During the three day summit, participants learned about the importance of preparing their communities for a changing climate. Each day participants attended workshops focused on topics related to building climate resiliency. The four main topics for the workshops were Food Security, Disaster Preparedness, Health, and Energy/Infrastructure. Experts on each topic gave presentations and demonstrations to the participants.

The following agencies and organizations provided the informative presentations; American Samoa Environmental Protection Agency (AS-EPA), Secretariat of the Pacific Regional Environment Programme (SPREP), American Samoa Community College-Agriculture Community Natural Resources (ASCC-ACNR), Department of Marine and Wildlife Resources (DMWR), NOAA-National Weather Service, Office of Disaster Assistance and Petroleum Management (ODAPM), Department of Homeland Security (DHS), Department of Commerce (DOC), Department of Health (DOH), American Samoa Power Authority (ASPA), Department of Public Works (DPW), TANK Guy Pago Pago INC., and the RED CROSS.

Participants were surveyed at the completion of the summit regarding their level of satisfaction with the summit and their understanding of Climate Resiliency - all reacted with positive feedback and satisfaction.


Image (Right): Participants of the American Samoa Climate Resilience Summit (not all participants are pictured here)

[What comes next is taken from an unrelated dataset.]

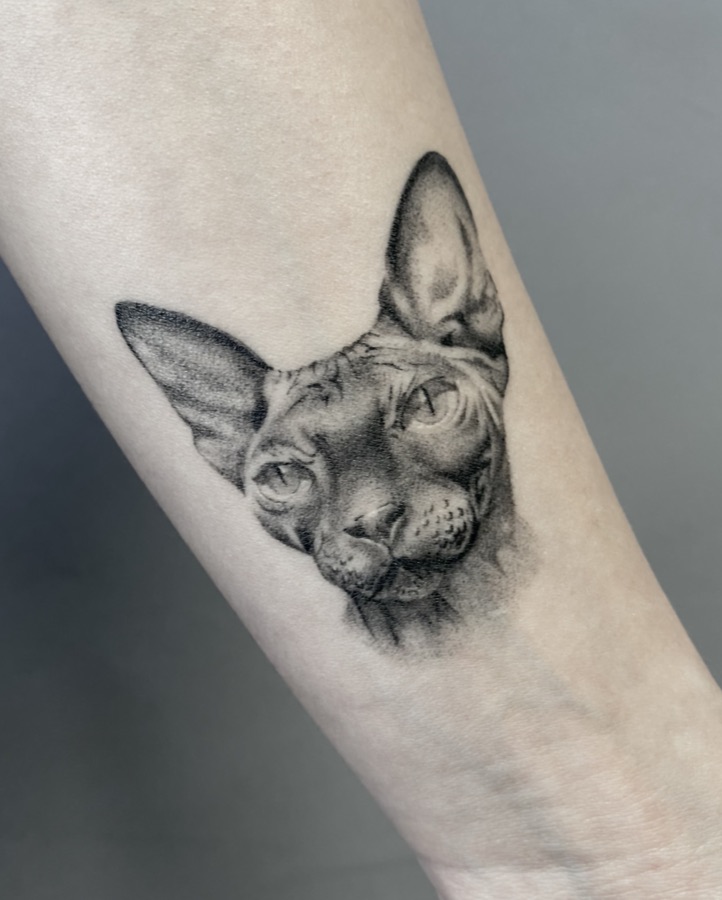 Microrealism portrait tattoo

Director of AS-EPA - Fa’amao Asalele, Director General of SPREP - Kosi Latu, Miss American Samoa -Magalita Johnson, Director of DMWR - Va’amua Henry Sesepasara, Director of Land Grant –ACNR - Aufa'i Apulu Ropeti Areta, Director Climate Change Resilience of SPREP -Tagaloa Cooper- Halo

Village Mayors attending workshops focused on building climate resiliency.

Students from various high schools engage in discussion regarding climate and weather.

Students from various high schools learn about intensifying storm systems.

Rainwater Harvesting Systems

The Department of Marine and Wildlife Resources (DMWR) was tasked with finding ways to increase American Samoa's Climate Change resilience. With Climate Change comes an increased likelihood of cyclones and other natural disasters. We must prepare our island with a reliable source of clean water when faced with difficult circumstances. Whenever there is a cyclone, electricity is usually lost. American Samoa's current clean water system is highly dependent on electricity to pump water up from the water wells. DMWR partnered with the American Samoa Power Authority (ASPA) to find an attainable solution for the challenge. Upon learning about the success of Rainwater Harvesting Systems in other Pacific islands, DMWR and ASPA turned to the expertise of the company Tank Guy Pago Pago to design and install Rain Water Harvesting Systems in 25 schools across American Samoa. With the Rain Water Harvesting System tanks, electricity is not required to pump the water out for people from the community to use. These tanks filter and store clean rainwater in the event that water from ASPA wells are not accessible due to loss of electricity. This project was made possible through Climate Resilience funding from the Department of Interior.

Village Based Shoreline Protection

Partnerships formed by the Department of Marine and Wildlife Resources (DMWR) with mayors from the Office of Samoan Affairs continue to support the protection of shorelines through the planting of trees and maintaining the cleanliness of integral freshwater streams that lead to the ocean. The co-management of natural resources around the Territory is vital for survival and sustainability.

American Samoa is committed to standing with our Pacific island brothers and sisters as we face the alarming impacts of climate change. Together we can identify and implement the best solutions for our communities and generations to come.